For a lot of people it may seem like it was taking some of the mystery and mystique out of art. But I actually think, or have come around to appreciate the fact, that this is the best way for artists to gain a certain kind of critical approach to their work that allows them to know what they're doing, that allows them to know what's been done around them, or what's been done in history, and, in many cases to really equip themselves with the tools to help to deliver their art to the world.
One of the things that makes sense about this idea of an artist being some kind of advanced visual or perceptual researcher is, also for general audiences, that it allows... justifies why we would pay attention to these artists and, "Why you would come to a museum or a gallery?" Well, it's to kind of find out what is going on at the advanced edges of culture where visual art is being pioneered.
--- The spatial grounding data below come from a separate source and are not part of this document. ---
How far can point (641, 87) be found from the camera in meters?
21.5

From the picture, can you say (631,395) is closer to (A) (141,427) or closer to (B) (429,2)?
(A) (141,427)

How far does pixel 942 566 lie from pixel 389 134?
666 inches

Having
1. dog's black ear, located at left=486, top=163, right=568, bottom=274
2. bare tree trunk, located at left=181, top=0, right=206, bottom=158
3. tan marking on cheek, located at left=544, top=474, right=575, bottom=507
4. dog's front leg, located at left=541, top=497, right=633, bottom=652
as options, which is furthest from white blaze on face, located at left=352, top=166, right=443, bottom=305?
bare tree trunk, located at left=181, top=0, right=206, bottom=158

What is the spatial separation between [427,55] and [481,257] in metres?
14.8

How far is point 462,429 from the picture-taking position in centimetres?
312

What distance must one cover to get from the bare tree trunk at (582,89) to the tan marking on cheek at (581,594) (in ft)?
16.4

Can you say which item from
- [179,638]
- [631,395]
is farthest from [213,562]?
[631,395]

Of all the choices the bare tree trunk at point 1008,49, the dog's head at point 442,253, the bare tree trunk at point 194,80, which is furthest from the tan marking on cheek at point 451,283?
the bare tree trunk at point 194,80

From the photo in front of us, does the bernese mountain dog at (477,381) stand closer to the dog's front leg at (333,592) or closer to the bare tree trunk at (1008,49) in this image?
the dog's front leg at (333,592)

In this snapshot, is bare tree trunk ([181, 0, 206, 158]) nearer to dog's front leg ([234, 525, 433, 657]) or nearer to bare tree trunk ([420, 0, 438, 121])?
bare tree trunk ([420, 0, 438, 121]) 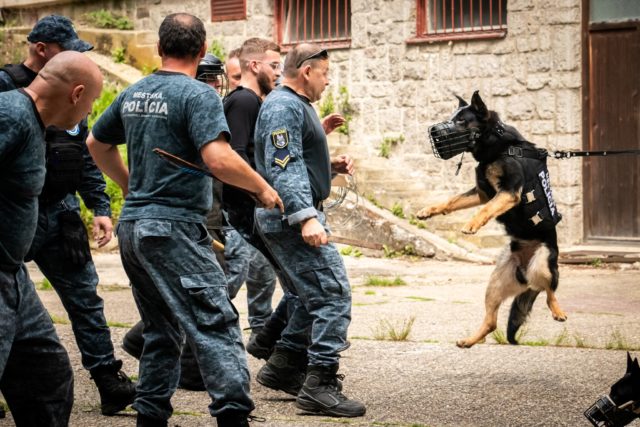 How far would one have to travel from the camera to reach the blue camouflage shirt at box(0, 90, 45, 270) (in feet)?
13.2

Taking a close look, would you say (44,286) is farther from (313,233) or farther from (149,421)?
(149,421)

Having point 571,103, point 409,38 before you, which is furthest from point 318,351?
point 409,38

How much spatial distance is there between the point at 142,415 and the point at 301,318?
1488 mm

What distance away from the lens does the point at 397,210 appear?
1394cm

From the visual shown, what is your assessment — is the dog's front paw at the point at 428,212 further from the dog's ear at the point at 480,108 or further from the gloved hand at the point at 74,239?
the gloved hand at the point at 74,239

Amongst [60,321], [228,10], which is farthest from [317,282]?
[228,10]

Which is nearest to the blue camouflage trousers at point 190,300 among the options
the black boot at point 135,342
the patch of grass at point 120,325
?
the black boot at point 135,342

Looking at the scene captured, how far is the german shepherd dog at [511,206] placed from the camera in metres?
6.91

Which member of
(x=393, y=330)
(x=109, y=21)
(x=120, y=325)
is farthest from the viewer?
(x=109, y=21)

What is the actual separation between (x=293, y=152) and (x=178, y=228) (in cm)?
108

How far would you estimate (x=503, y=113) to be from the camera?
13570mm

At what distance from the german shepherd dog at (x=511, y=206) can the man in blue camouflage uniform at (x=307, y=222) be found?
3.30ft

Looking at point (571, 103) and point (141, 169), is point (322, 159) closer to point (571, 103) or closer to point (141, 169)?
point (141, 169)

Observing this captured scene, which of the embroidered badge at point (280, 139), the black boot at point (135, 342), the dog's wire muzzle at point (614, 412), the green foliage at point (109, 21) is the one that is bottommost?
the black boot at point (135, 342) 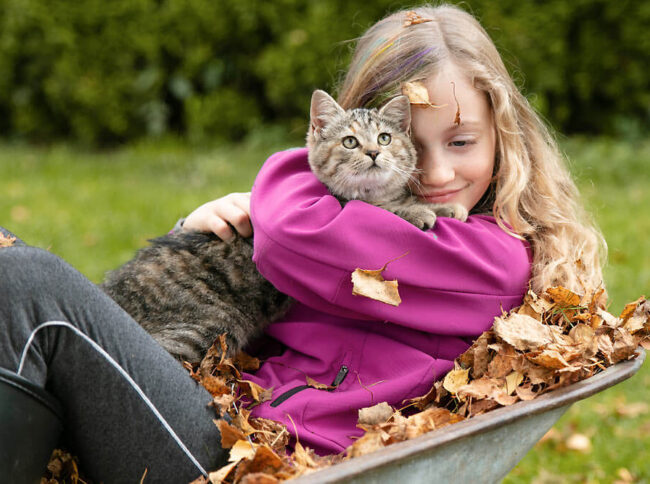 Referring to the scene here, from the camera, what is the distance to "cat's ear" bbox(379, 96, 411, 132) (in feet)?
7.38

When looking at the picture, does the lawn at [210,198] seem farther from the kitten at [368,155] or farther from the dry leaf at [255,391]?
the dry leaf at [255,391]

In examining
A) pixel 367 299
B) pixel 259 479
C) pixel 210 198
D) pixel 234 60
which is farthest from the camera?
pixel 234 60

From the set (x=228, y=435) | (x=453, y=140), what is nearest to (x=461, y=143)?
(x=453, y=140)

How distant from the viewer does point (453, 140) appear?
91.0 inches

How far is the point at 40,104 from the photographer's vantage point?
7977mm

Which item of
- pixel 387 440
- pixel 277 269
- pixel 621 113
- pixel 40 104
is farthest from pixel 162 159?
pixel 387 440

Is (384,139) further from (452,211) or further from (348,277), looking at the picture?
(348,277)

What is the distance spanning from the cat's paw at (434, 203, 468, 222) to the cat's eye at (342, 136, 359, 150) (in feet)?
1.20

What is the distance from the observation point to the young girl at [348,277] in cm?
172

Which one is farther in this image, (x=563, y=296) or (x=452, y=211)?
(x=452, y=211)

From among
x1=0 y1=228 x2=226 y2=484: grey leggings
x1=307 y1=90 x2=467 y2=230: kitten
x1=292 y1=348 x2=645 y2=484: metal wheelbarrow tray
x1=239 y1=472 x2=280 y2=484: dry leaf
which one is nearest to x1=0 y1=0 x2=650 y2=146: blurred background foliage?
x1=307 y1=90 x2=467 y2=230: kitten

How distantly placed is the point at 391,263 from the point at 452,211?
40cm

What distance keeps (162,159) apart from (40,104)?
1967mm

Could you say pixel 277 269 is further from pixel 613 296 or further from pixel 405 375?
pixel 613 296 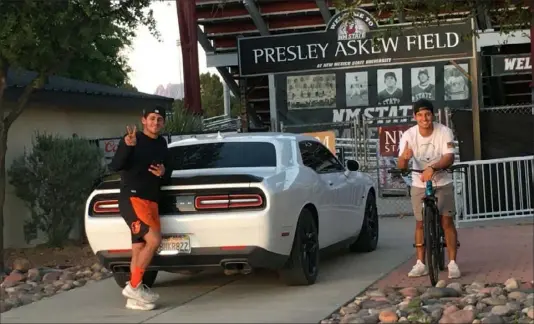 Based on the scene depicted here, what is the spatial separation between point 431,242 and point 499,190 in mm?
4624

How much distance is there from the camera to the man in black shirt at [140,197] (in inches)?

Now, opposed to reading about these things in some kind of specialized journal, art has the fantastic outlet of places like galleries and museums, and it's primarily visual. So, these are things that can be shared, in many cases, without the need for a lot of text and reading. The other thing I like about this model is that it also (if you were an advanced mathematician or something) you would know everything that had been done in your field already up to that point. You knew what all the research was, where all the breakthroughs were, and it was your job to push your field to the next step, at least if you wanted to be a mathematician of any kind of note. That's really the burden artists bear today - if you're a sculptor you need to know everything that's happened in sculpture and figure out where you can actually uniquely contribute to that tradition and push it forward in a new way.